Setting before you blessing and curse
by Jhos Singer
Shabbat Shalom Chaverim—
Oh, sweet Shabbes!
It can feel so hard to accept the gift of a full day of peace and rest when there is so much unchecked anger, loss, pain and frustration in the air. The display of racist, anti-Semitic, homo-and-everything-else-phobic hatred that reared its head last week in Charlottesville feels like yet another very bad turning point.
So how do we make Shabbes when our hearts are so heavy? Well, remember that this gift was originally given to bunch of traumatized folks who, for myriad generations, had lived as slaves under tyranny and oppression. So, friends, if they could do it, we gotta at least try.
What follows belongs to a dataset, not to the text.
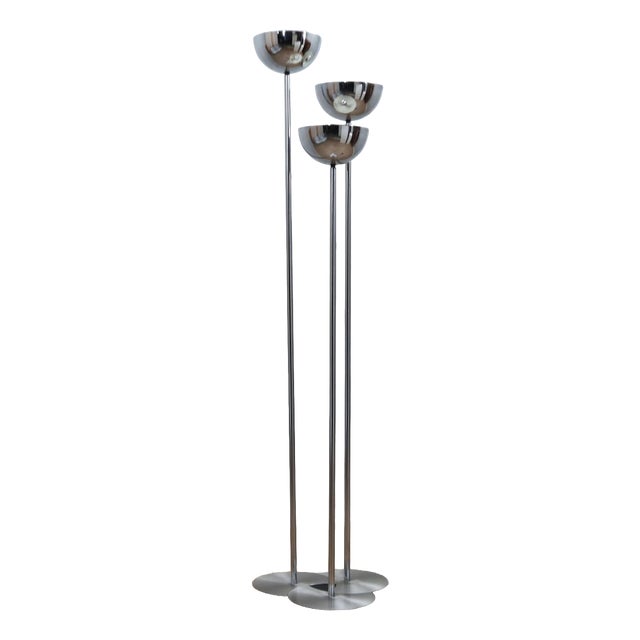 Space Age Italian Chrome 3-Column Floor Lamp from Lamperti, 1970s For Sale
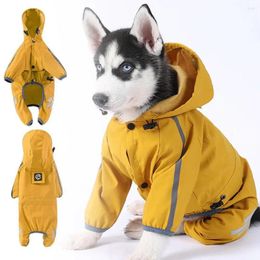 Dog Apparel Raincoat For Small Big Dogs Waterproof Adjustable Clothes Lightweight Rain Jacket Poncho Hoodies Wind Coat Outdoor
The radical wisdom of Shabbat is grounded in the truth that a little distance can help us shift our thinking and slow down our impulses. By spending a day in contemplation and study, or pleasure and playfulness, we actually deepen our ability to skillfully navigate the rapids of the rest of the week. And Lord knows we’ve got rapids ahead my friends—and we are gonna need impeccable skills to get through this run with any grace. Fortunately, we’ve got the Torah to serve as our mystical map to the spiritual landscape, and it’s got some good stuff for us to ponder at this juncture.
The week’s portion, Re’eh (Deuteronomy 11:26-16:15) begins:
“See! I am setting before you blessing and curse.”
There it is. We aren’t born into a completely safe world, neither are we born into a totally treacherous state. Rather, in our lives we will be faced with abundance and paucity, ease and struggle, blessings and curses, and everyday we have to dial up our own sensitivity, awareness and discernment to figure out which path is the right one to take at any given moment. The reading goes on to say that:
“When you all come to the land that the Unfolding Great Mystery brings you to, you will apprehend there that you should put blessing towards the
mountain-of-being-cut-off (har gezirim) and curse towards the mountain-of-bloatedness (har eival).”
The Torah recognizes that blessing—abundance, fullness, wealth, privilege, good fortune, luck, favor—needs to be directed towards the alienated, the broken, the isolated and fractured places in our world; and curse—diminution, lessening, haste, weakening, contempt—is to be directed to areas of that are overblown, bulky, swollen, gross.
Shabbat gives us time to study our own lives and circumstances. Where do we need blessings and where do we give them? Where do we encounter curses and how do we respond to them? To what broken places do we need to bring healing? And what excesses can we resist? Where can we access and share love and abundance, and where can we pop a hole in the overstuffed? Where do we choose blessing, and where do we choose curse?
May we accept the gift of this Shabbat and keep it sacred; let us find new ways of being in balance, new tools for meeting the blessings and curses that come our way, and restoring our faith that every choice we make matters.